On a hot June afternoon in 1998 in Spokane, Wash., I raised my right hand and pledged my allegiance to the flag and to the United States of America.
Today, I have that pledge framed and hanging on my office wall. It reads in part:
I hereby declare, on oath, that I absolutely and entirely renounce and abjure all allegiance and fidelity to any foreign prince, potentate, state or sovereignty, of whom or which I have heretofore been a subject or citizen; that I will support and defend the Constitution and laws of the United States of America against all enemies, foreign and domestic…
I felt a lot of emotions that day. I had become a citizen of the greatest Nation on Earth. Yet in some ways I didn’t feel much different, no doubt because of my paternal roots.
I remember leaving my small country school to attend the biggest high school in Calgary four decades ago. The kids teased me with words like “Yankee.” I never disputed what they thought were catcalls and proudly embraced the fact they believed I was an American.
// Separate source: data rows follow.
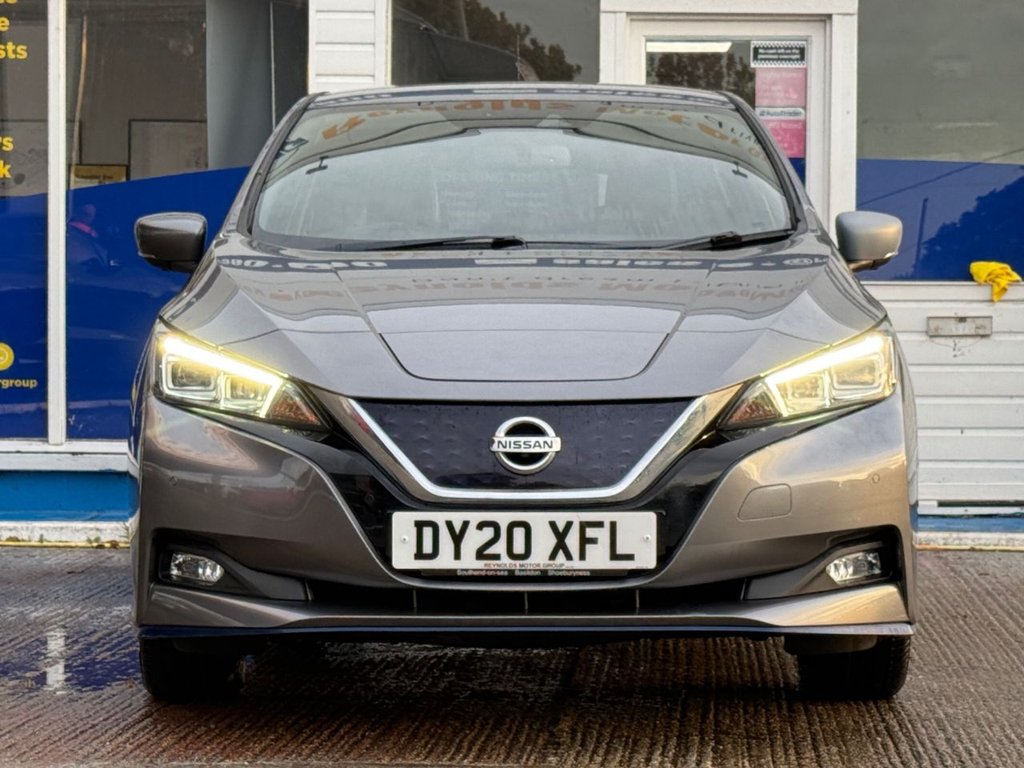 Used Nissan Leaf 2020 for sale - 76950151: Photo 6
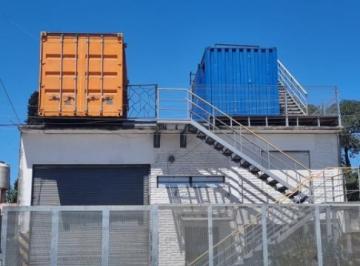 Bodega-Galpón · 320m² · Galpones en Venta en Parque Leloir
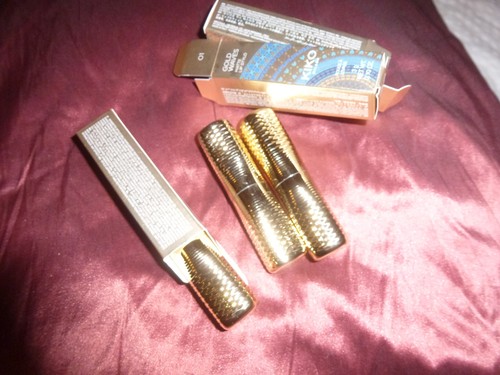 Lippenstift dunkel braun - 2,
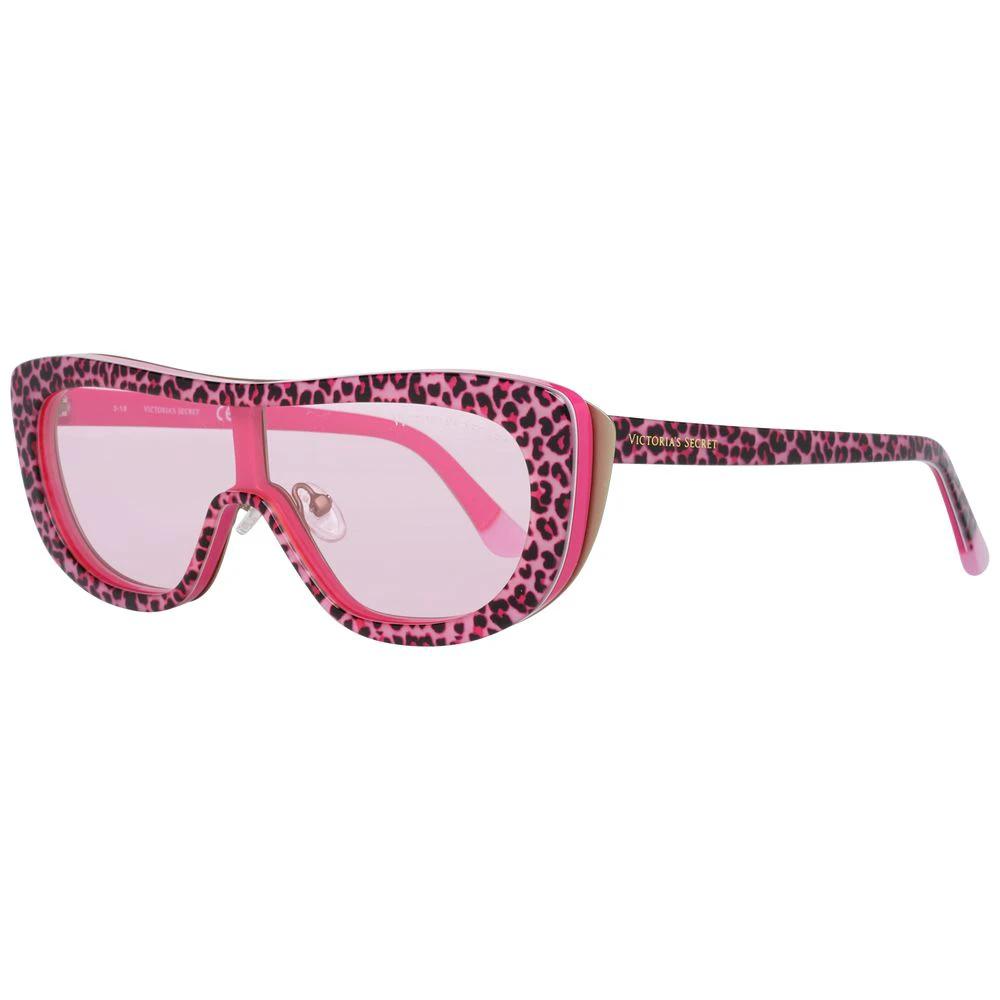 Victoria's Secret Pink Plastic Sunglasses by Victoria's Secret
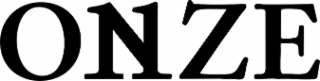 ONZE logo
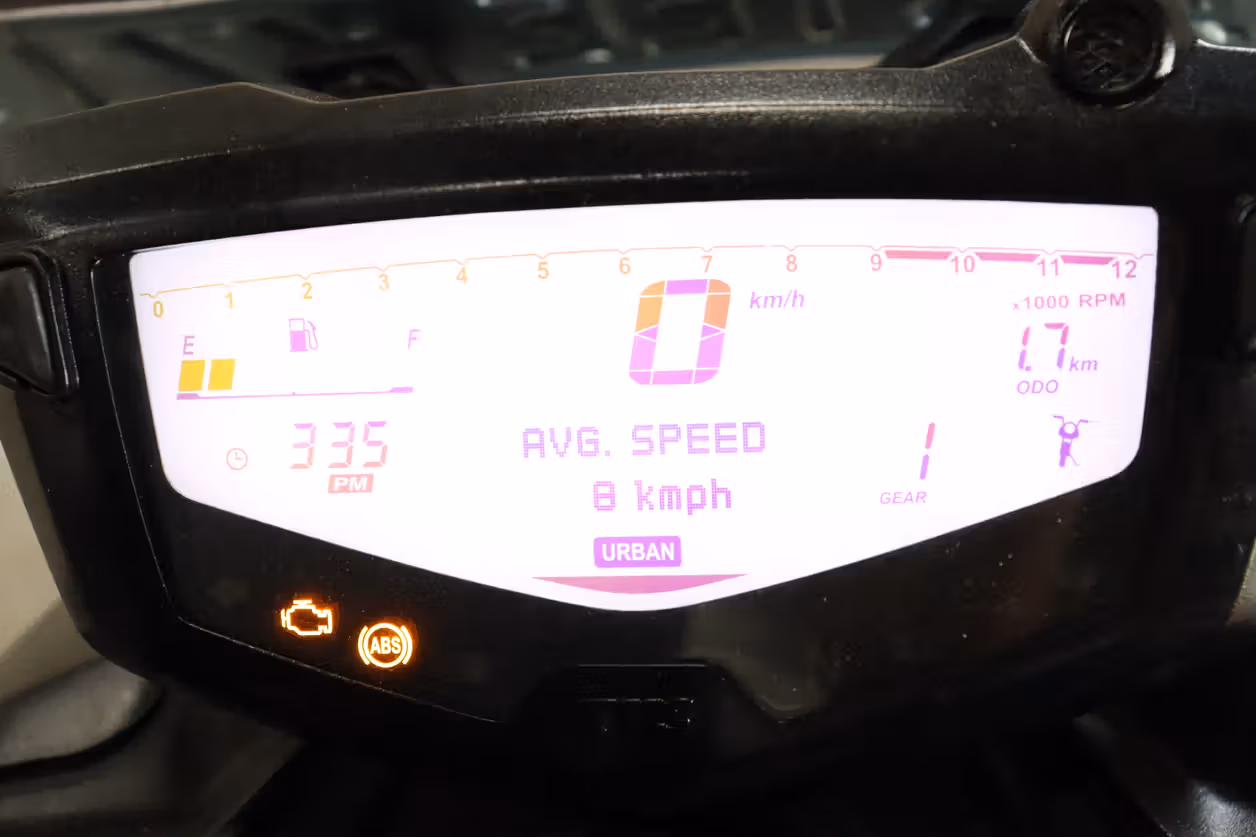 TVS Apache RTR 160 4V FI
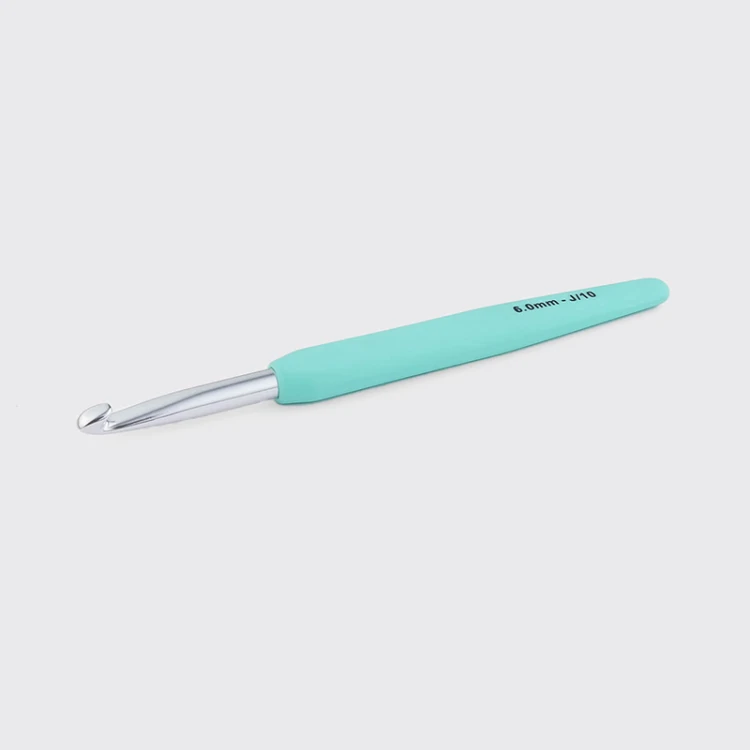 Szydełko KnitPro Waves 2.0 rozmiar 6,0 mm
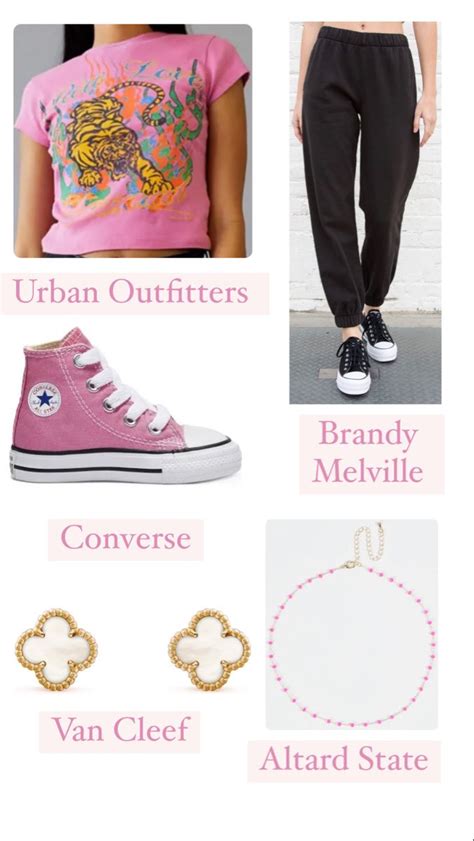 preppy pink fit | Urban outfitters clothes, Cute preppy outfits, Cute ...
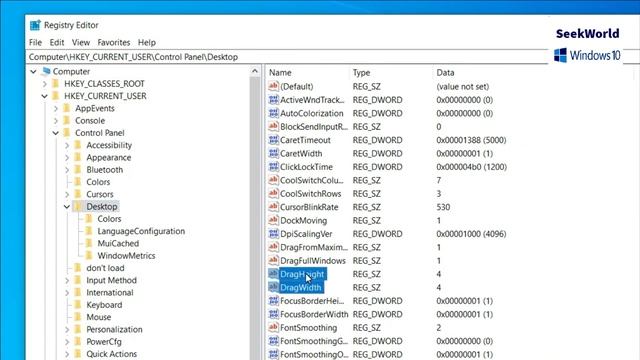 How To Disable Drag and Drop in Windows 10 смотреть онлайн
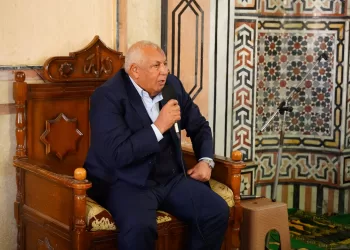 اللواء الزملوط يُجري جولة ميدانية بمرسى مطروح للوقوف على المشكلات وحلها ميدانيًا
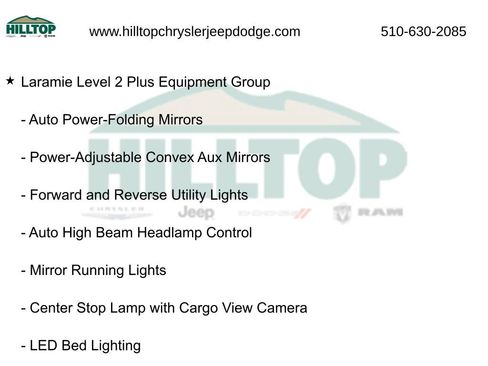 New 2026 RAM 3500 Laramie image 20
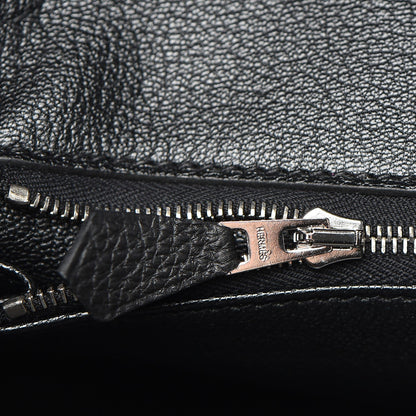 Hermes Togo Birkin 35 Black 20 of 32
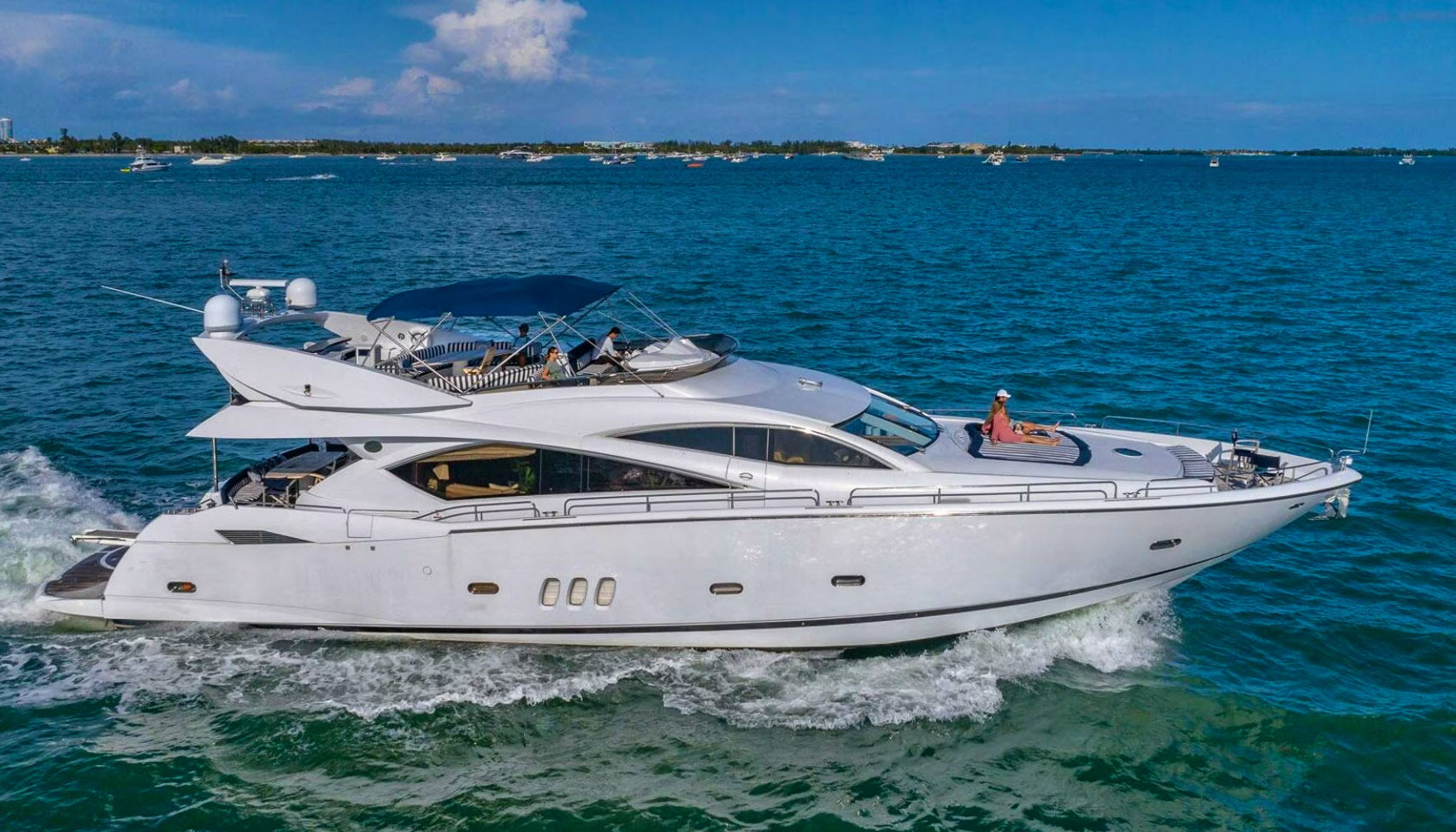 sunseeker yachts 82 for sale - hot list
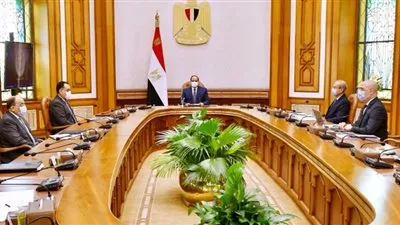 السيسى يتابع جهود الدولة لتنظيم عملية البناء السكنى والعمرانى
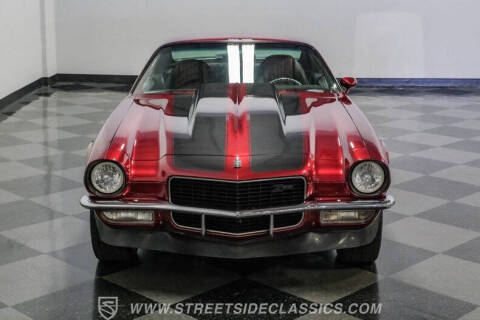 1971 Chevrolet Camaro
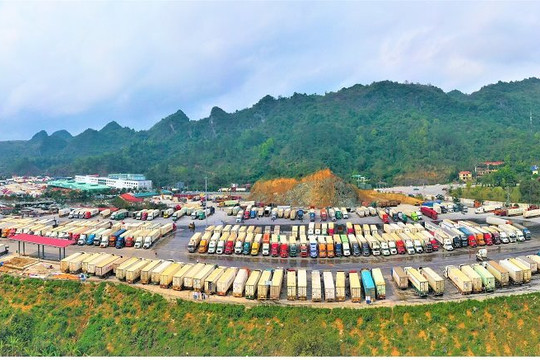 Công ty TNHH Xuân Cương: Điểm sáng logistics vùng cửa khẩu Lạng Sơn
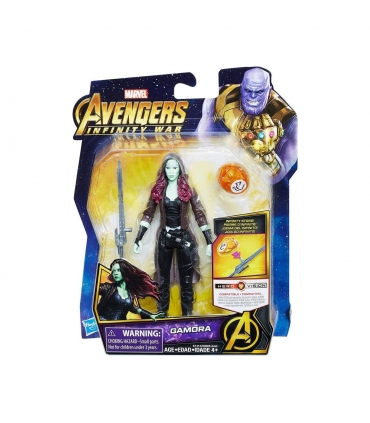 Avengers: Infinity War Gamora Figür ve Sonsuzluk Taşı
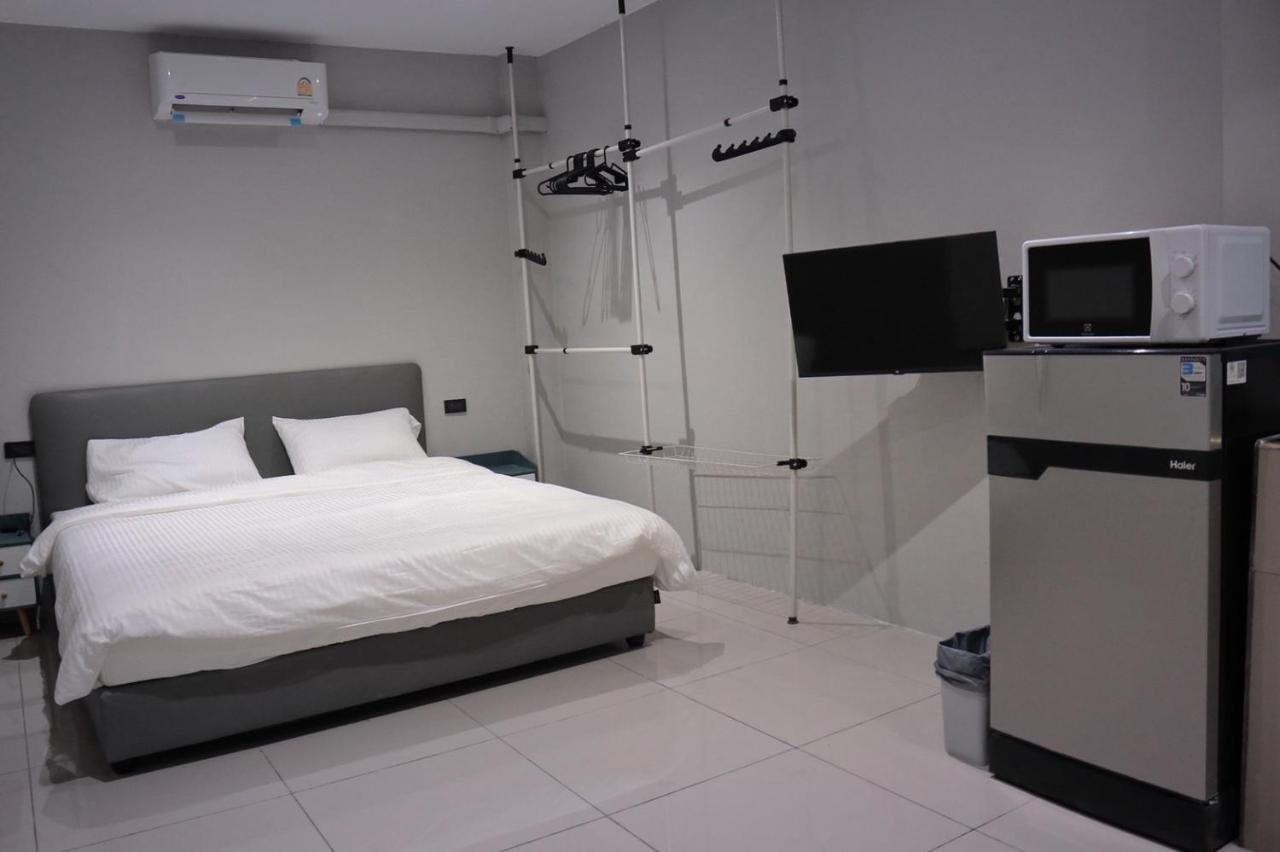 Nato House Ekkamai Apartahotel Bangkok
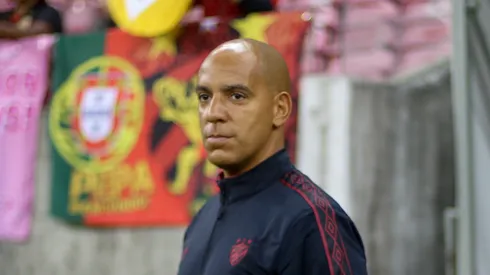 Pepa vem mudando a forma do Sport jogar – Foto: Marlon Costa/AGIF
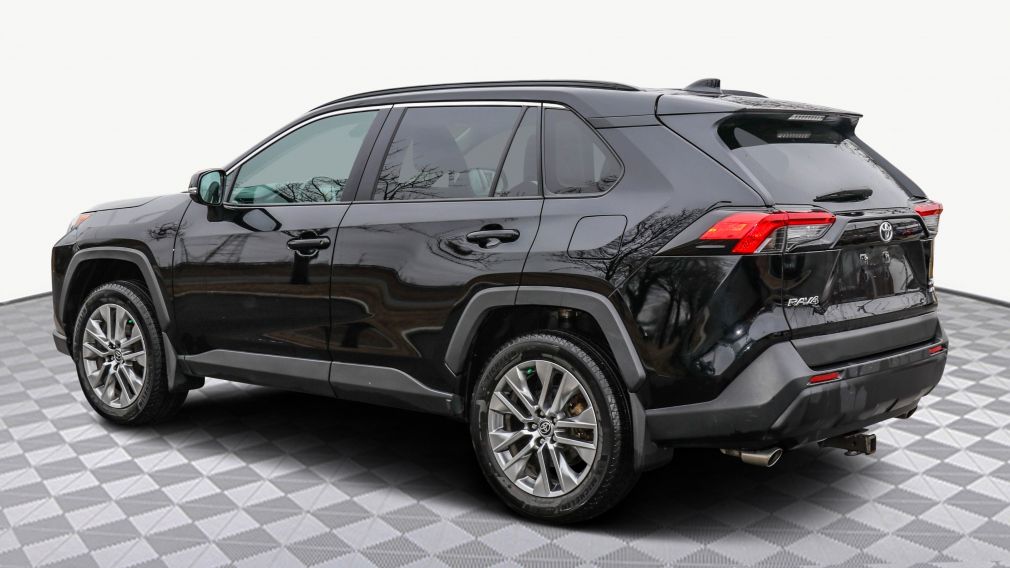 Toyota Rav 4 XLE 2023 d&rsquo;occasion à vendre - 5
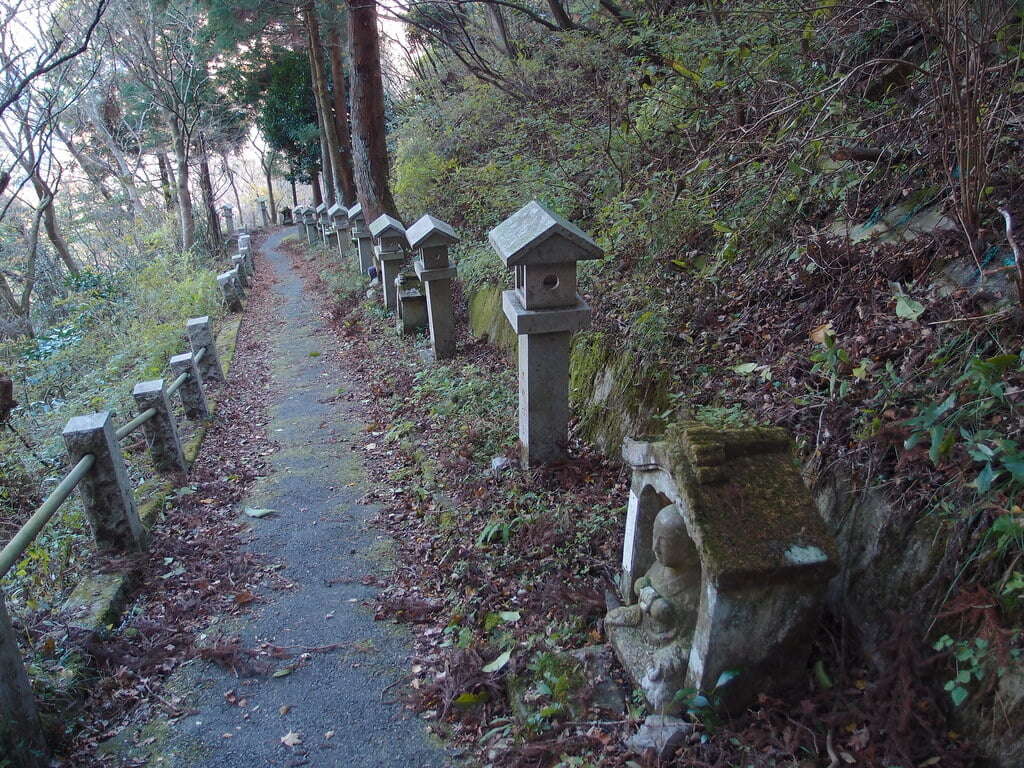 しとどの窟の写真1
I remember the dinnertime stories my father would tell about his father Amil and his grandfather, Gustov, a bearded German who spoke English with a harsh accent.
Amil was all of 9 and had just become a naturalized citizen a few weeks before he and his father embarked on one of the greatest American adventures ever: the Oklahoma land rush of 1889.
Those Unassigned Lands were considered some of the best unoccupied public land in the United States. The Indian Appropriations Act for 1890 was passed and signed into law with an amendment by Representative William Springer (D-Ill.). The Springer Amendment authorized the President to open Unassigned Lands for settlement. Because of the Homestead Act of 1862, signed by President Abraham Lincoln, legal settlers could claim lots up to 160 acres of surveyed, unclaimed public domain. If the settler lived on the land for five years, improved it and paid claim registration fees, he could receive the title to the land.
My American heritage is hardly blue-blooded; but as much as any group, the people of that time put down stakes for a Nation that would dominate the world in just 50 years.
Stubborn Men And Beasts
An estimated 50,000 people lined up for their share of the land. The race began at high noon on April 22, 1889, when starting signals were given at the points of entry.
Gustov and Amil Myers were among the settlers in a hastily built wagon box that was pulled by an aged gelding and a mean mule.
Everything they owned was in that wood-and-iron wagon, and everything they dreamed lay in front of them.
It was a dash the moment the gunshot echoed across the prairie. Gustov’s mixed-team raced the first half mile. The horse was breathing hard and the mule would not run any farther than she had to.
Those behind were on bicycles or on foot. My grandfather remembered one man carrying four wooden stakes tied to his belt loops, but no hammer. Those ahead were disappearing on the horizon; the richest land would be theirs.
Gustov and Amil were under a 72-hour-deadline to stake their claim; they made it in less than half that time. The family would go on to farm and ranch off this land and would be part of the greatest population expansion ever.
A decade later, Amil was a young man. He staked another claim, this one on the rich homestead land offered in Southern Alberta by the Canadian government. He and my grandmother went on to have three children, survive the Great Depression and expand their land from 160 acres to more than 1,000 acres.
The Leftover Legacy
I marvel at the things my grandfather and father did. My dad was born into a 12-by-12 foot shack on the cold Canadian prairie 100 years ago. At age 6, he rode a pony eight miles to school and back. My uncle, Amil’s youngest son, now age 84, sold the final quarter section of the homestead last month.
The descendants of the man who as a boy was part of the Oklahoma land run have gone on to be lawyers, dentists, teachers and writers. Whatever our accomplishments, they pale in comparison to those of our ancestors who pioneered North America.
I can recall the asthma attacks I had as a child. May dad would say that if I were of his generation, I would not be alive. It was true. Perhaps because the challenges we once faced no longer exist, there is a great deal that we Americans no longer dare.
There is a lesson in this as we pick the next President of the United States. Many of you share my feelings of despair that our Presidents are not the quality of men that they once were. But then again, are we? Let us hope that fortitude is within us as we celebrate this Fourth of July.